Background: The assessment of the proliferation fraction is becoming more and more important; however, there is no consensus concerning optimal validation. Depending on the institute the proliferation fraction is determined either from a core biopsy (SB) or resection specimen (OP).
Patients and methods: The interobserver variability and the results of SB and OP were investigated whereby two pathologists independently estimated the proliferation fraction of 90 cases of invasive breast cancer. The results (Ki-67) were quantified, categorized, and compared.
Results: Identical (accuracy of 5% steps) results between the 2 pathologists were achieved in 43% (n=39) for SB, 47% (n=42) for OP and 60% (n=54) for SB versus OP. When categorizing the proliferation fraction (low ≤ 15%, moderate 20-30% and high ≥ 35%) the following results were achieved: 76% (n=68) for SB, 82% (n=74) for OP and 81% (n=73) for SB versus OP.

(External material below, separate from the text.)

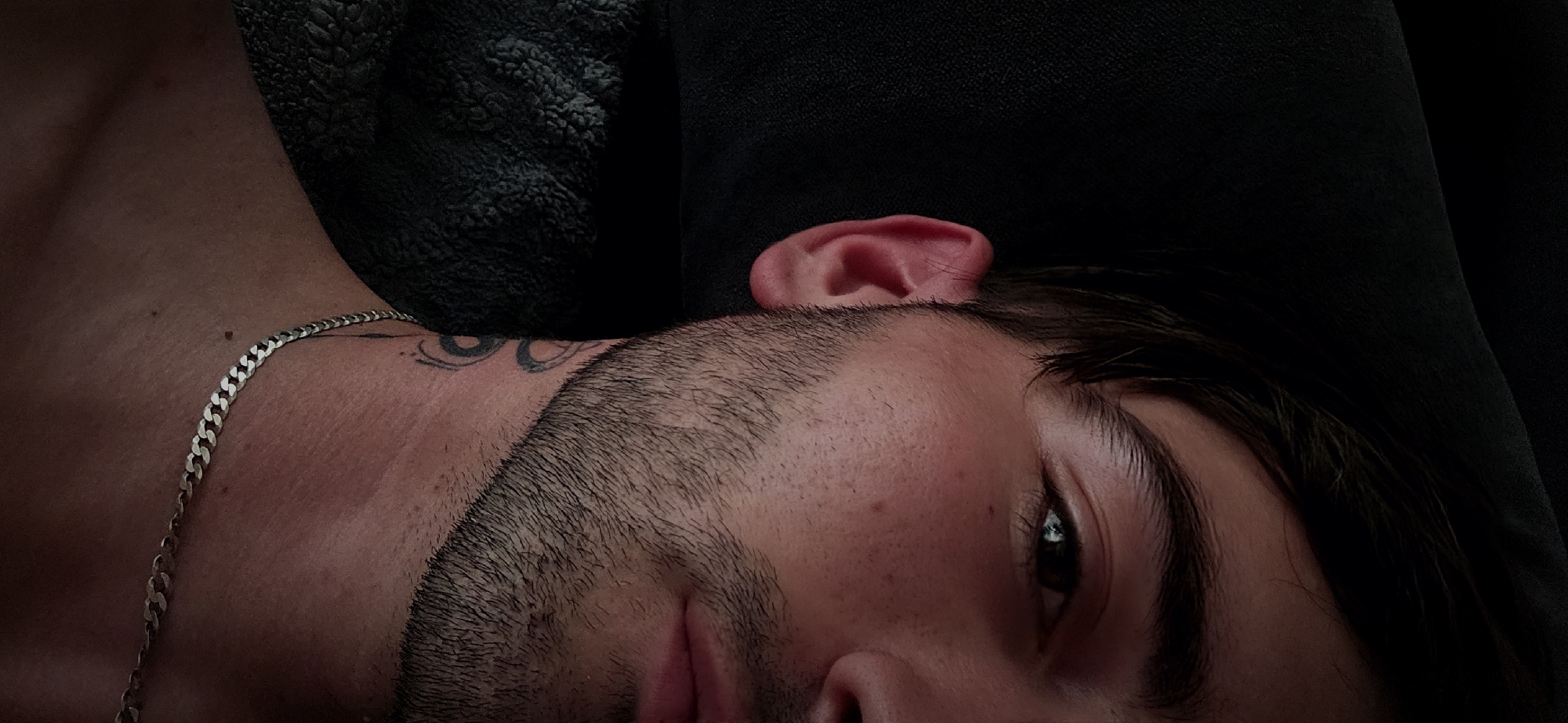 A close-up shot depicts a man lying down, angled with his left side slightly facing the camera. His face is partially visible, revealing a dark, trimmed beard and one eye. A silver chain necklace rests on his neck, and a tattoo is visible near his collarbone. His ear is also prominent. The background is primarily dark and out of focus. There are no indications of the city of Plovdiv, Bulgaria.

Conclusions: There was a clear interobserver variability (SB: kappa=0.32, OP: kappa=0.34) but this could be dramatically improved by forming proliferation categories (SB: kappa=0.62, OP: kappa=0.72, 60 versus 81%). In SB with a low proliferation fraction a repeated analysis in OPs can be advisable as a higher proliferation fraction is observed in up to 12% of OPs.